Hydrogen is a highly flammable chemical element that occurs in great abundance throughout the universe. In fact, this element makes up approximately 75% of the universe, by volume, and it appears in a very large number of compounds, especially those which make up various organic materials. Many people are familiar with hydrogen as a potential fuel source, thanks to its promotion as a potential alternative fuel, and everyone consumes it every day, in the water people drink and the foods they eat.
The atomic number of hydrogen is one, and it is identified by the symbol H on the periodic table. It is a unique standalone element, not classified with any other elements. Many scientists think of hydrogen as a kind of elemental building block, since its simple structure is the basis of so many things. The colorless, highly flammable gas has a number of industrial uses, especially in the refining of petroleum products.
The history of the discovery of hydrogen is quite lengthy. Like other gases, it rarely appears in a pure form on Earth, and it took some time for people to understand that it was an element. The gas was described as early as the 1400s, when experimenters combined acids and metals to produce a flammable gas. In 1671, Robert Boyle described this reaction in more detail, but it was not until 1766 that Henry Cavendish recognized hydrogen as a true element.
In 1783, Antoine Lavoisier proposed a name for the new element, adding together the Greek hydros for “water” and genes for “born or formed.” Lavoisier recognized that when hydrogen was burned, it produced water as a byproduct, through its combination with oxygen in the air. Thus, the element in a sense gives birth to water. Once hydrogen was fully recognized as an element, it began to be extracted from various natural sources and used in an assortment of fields.

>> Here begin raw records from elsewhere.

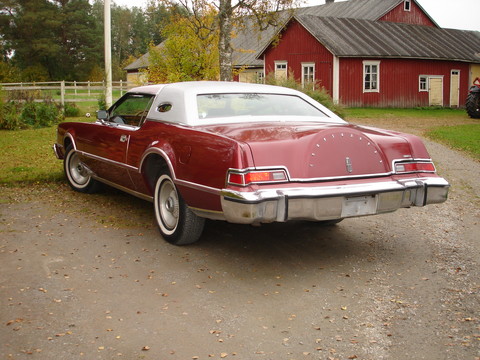 Lincoln Continental Mark IV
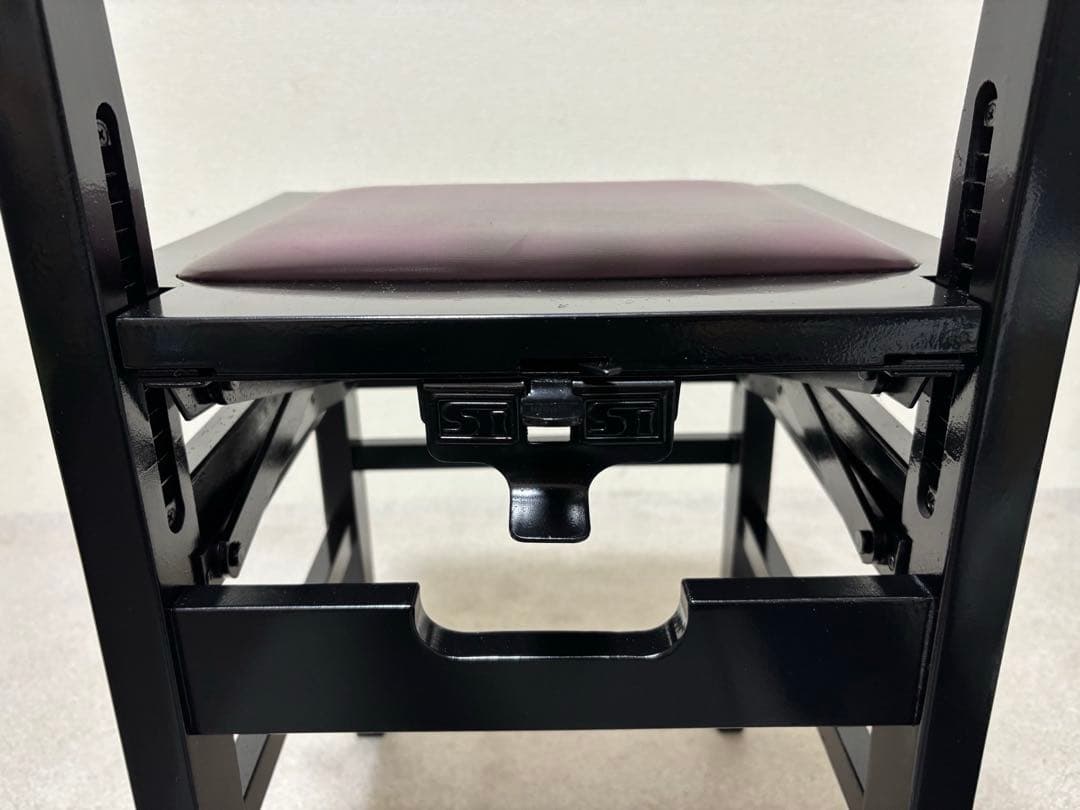 トムソン　椅子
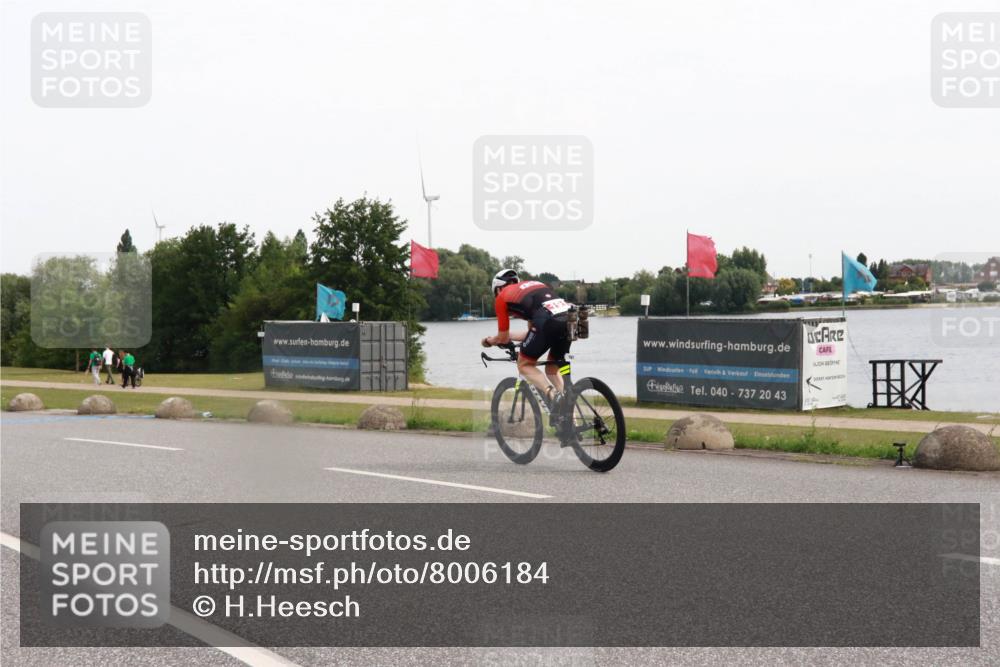 15.06.2025 - 27. Vierlanden-Triathlon H.Heesch http://msf.ph/oto/8006184 15.06.2025 10:37:41 Radfahren 248 meine-sportfotos.de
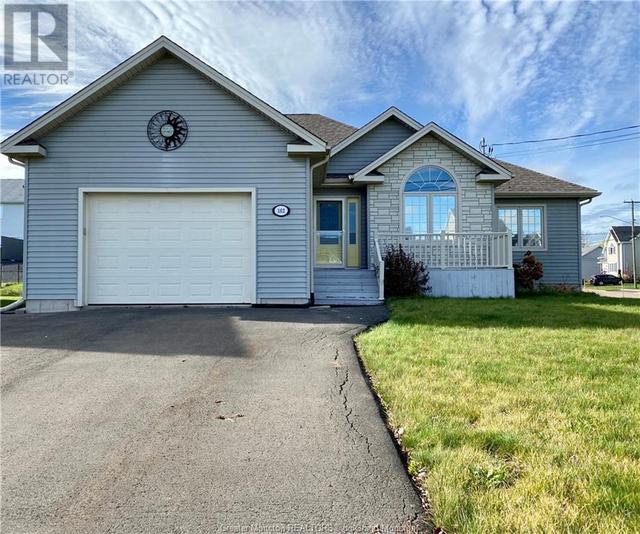 162 Oak Ridge Dr, House detached with 3 bedrooms, 2 bathrooms and null parking in Moncton NB | Image 1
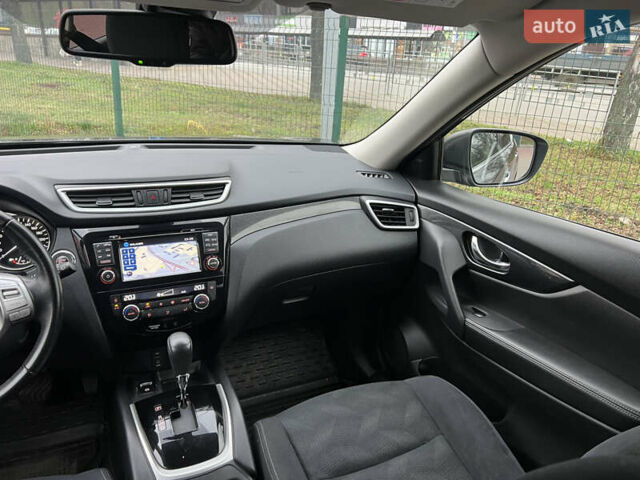 Зеленый Ниссан ИксТрейл, объемом двигателя 2 л и пробегом 75 тыс. км за 18500 $, фото 30 на Automoto.ua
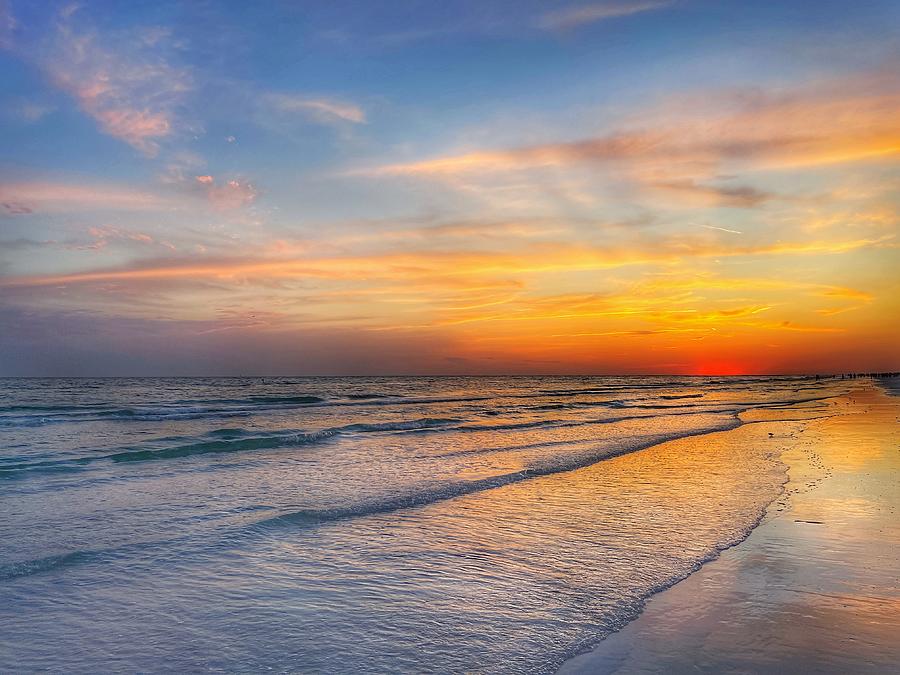 Sunset on the Beach Photograph by Chelsea Hallinan - Fine Art America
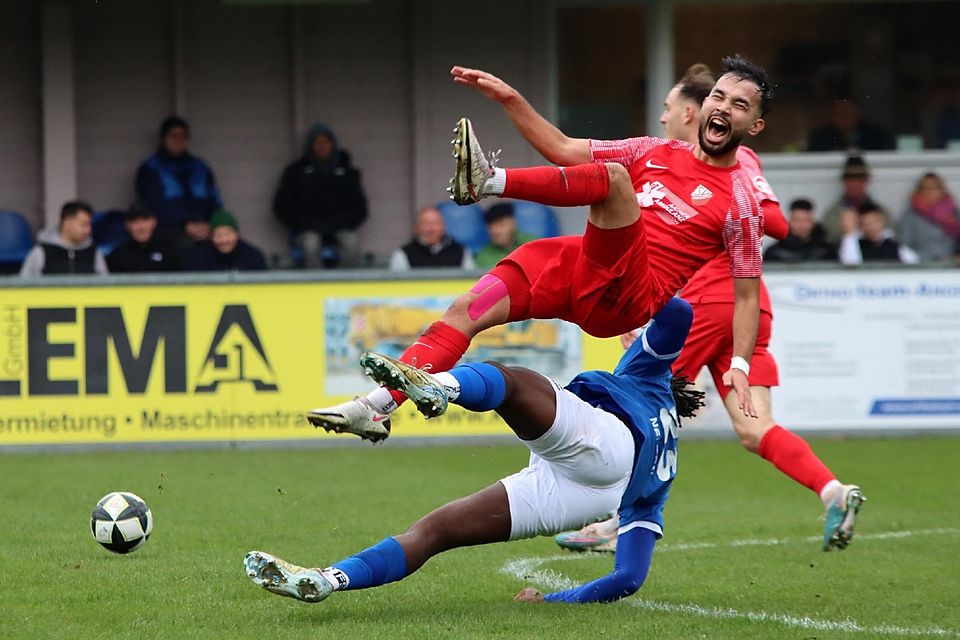 FC Ismaning : SV Heimstetten (rot), 26.10.2024 FCI - Nelson Dongmo Nopoudem SVH - Reza Sakhi Zada FC Ismaning : SV Heimstetten (rot), 26.10.2024 FCI - Nelson Dongmo Nopoudem SVH - Reza Sakhi Zada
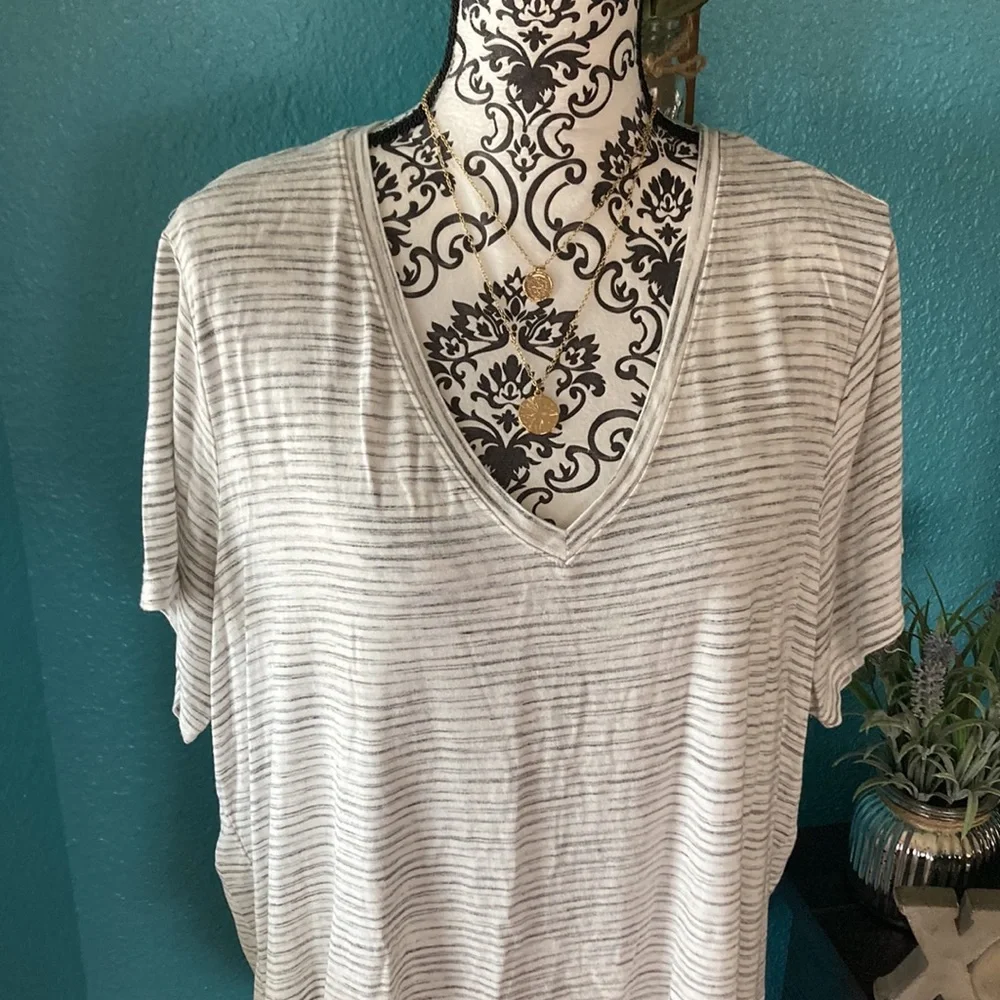 MUST BUNDLE: OLD NAVY | Women’s Luxe V-Neck Striped T-Shirt - Picture 2 of 6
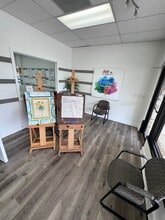 2300 Lohman's Crossing Rd, Lakeway, TX for lease Interior Photo- Image 1 of 3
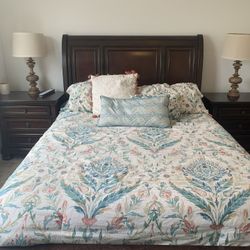 Queen Size Bed and Chest Dresser
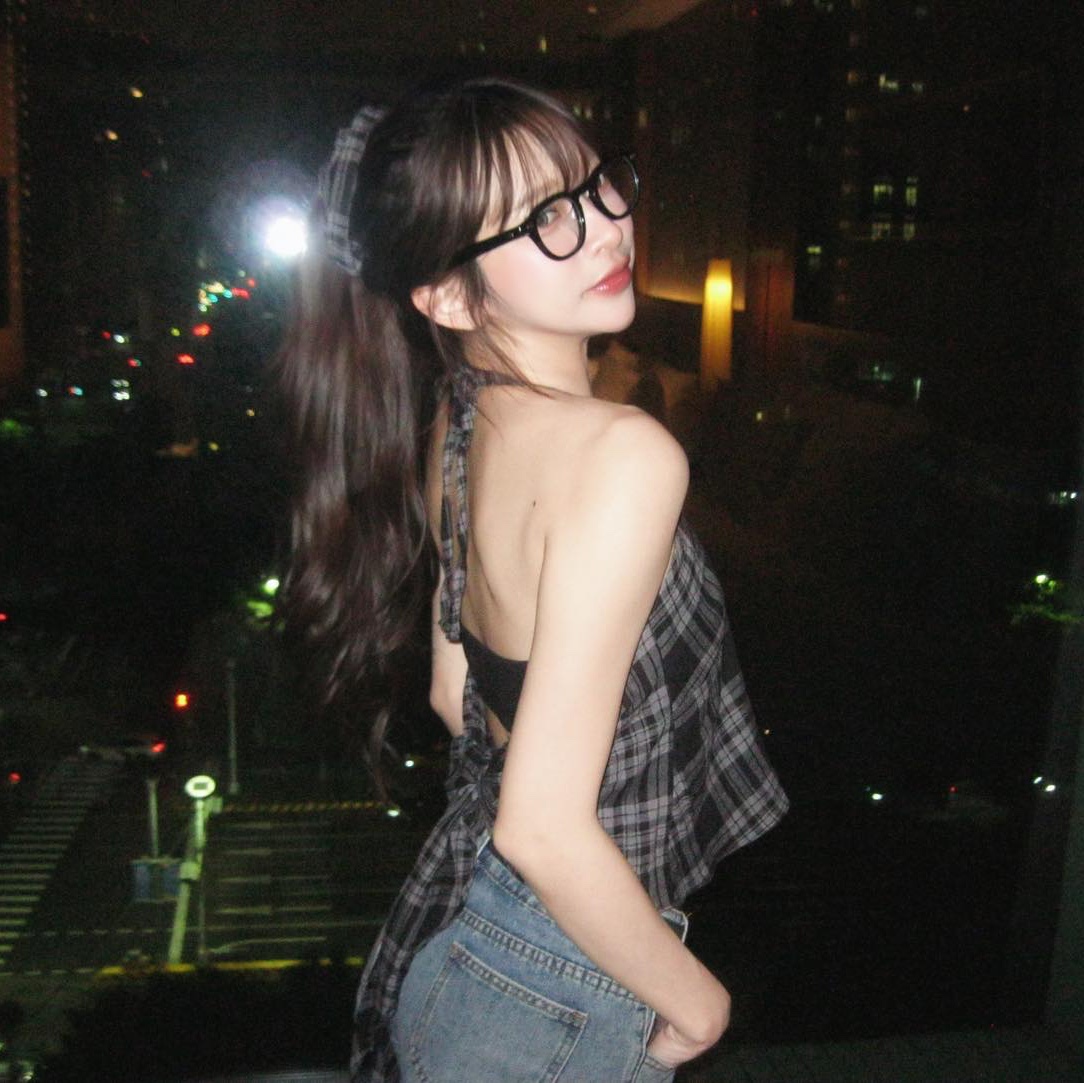 lash Clift Black 착용 스타일 - 2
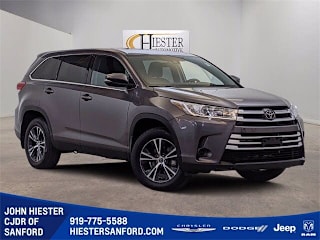 2019 Toyota Highlander LE 5TDBZRFH2KS948495 2019 Toyota Highlander LE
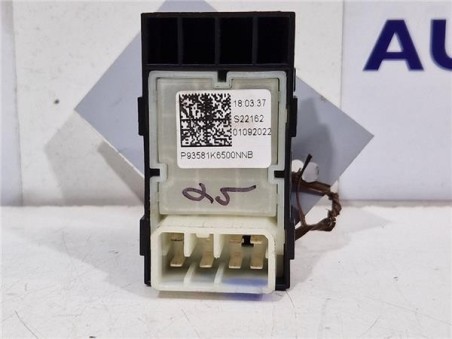 MANDO ELEVALUNAS TRASERO IZQUIERDO Hyundai i10  1 0 Essence [1 0 Ltr  - 49 kW CAT]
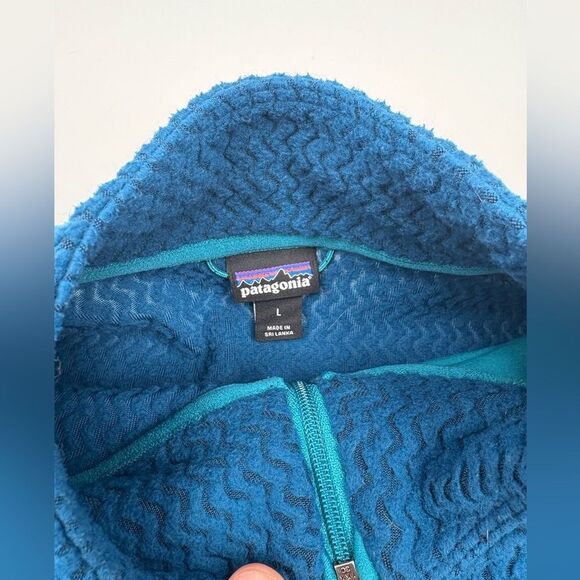 Patagonia Women's R1 Air Zip-Neck | Large - Picture 5 of 8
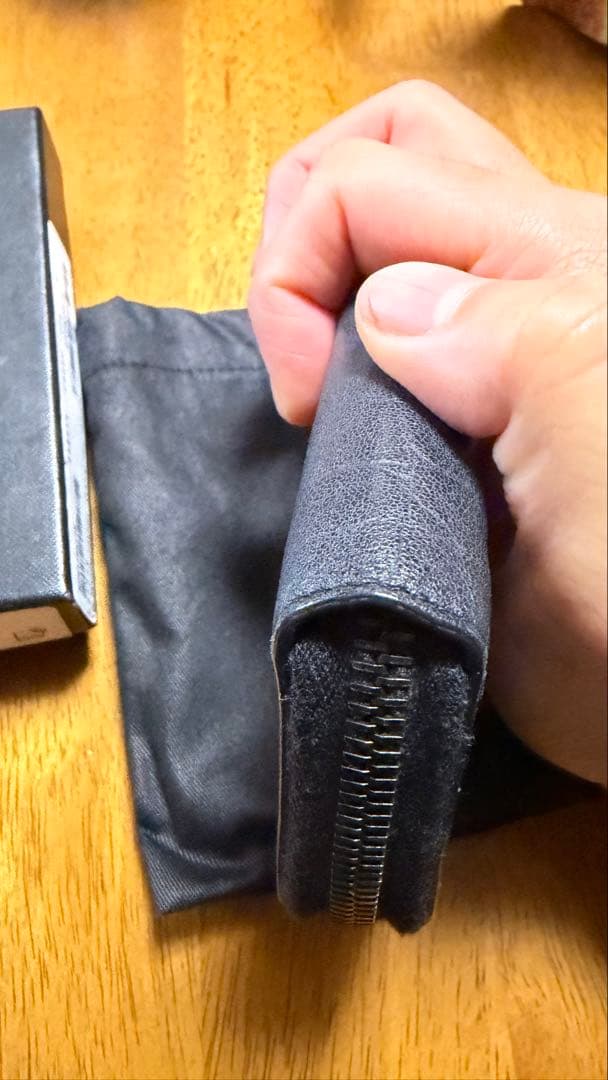 YSL ブラックレザー ケース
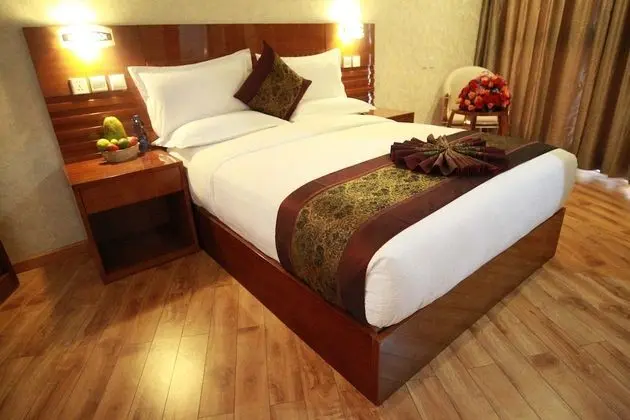 Deluxe Tek Büyük Yataklı Oda, 1 Büyük (Queen) Boy Yatak, Sigara İçilmez, Şehir Manzaralı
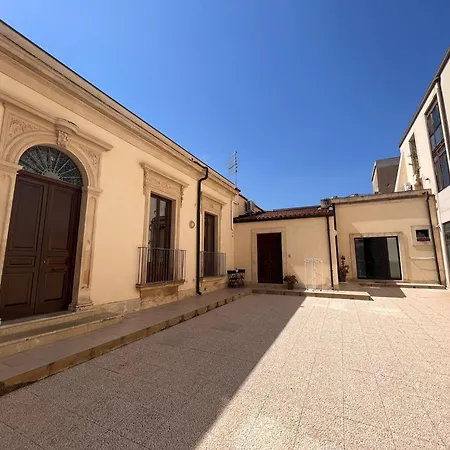 Casa Camillo Via Camillo Benso Di Cavour N 63bis * Авола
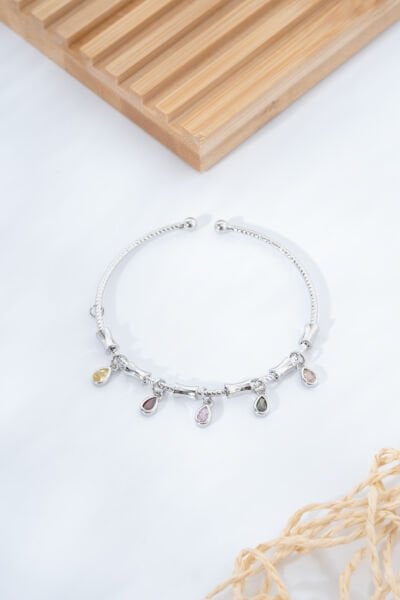 Silver Renkli Mini Damla Detaylı VİP Bileklik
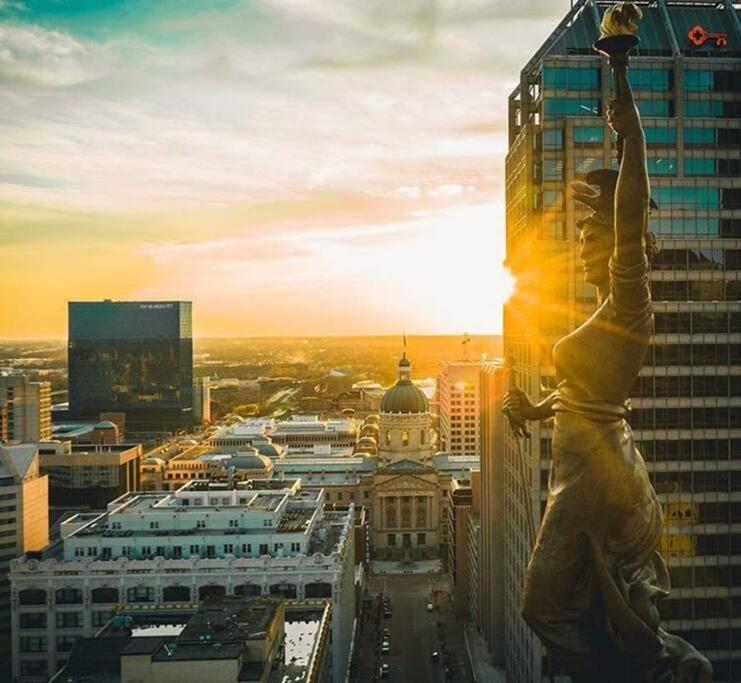 Cozysuites L 1Br, Monument Circle, Indy Indianapolis Buitenkant foto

Hydrogen is dangerous, as most people who know about the fate of the Hindenburg are aware. It was originally used as a lifting agent in balloons and zeppelins because it was so light, but the explosive nature of the gas led to the proposal of helium as a more stable and safe replacement. Since the element is so reactive, it must be handled with care to avoid unfortunate and explosive situations. Fortunately, few people work directly with pure hydrogen, and those who do are carefully trained.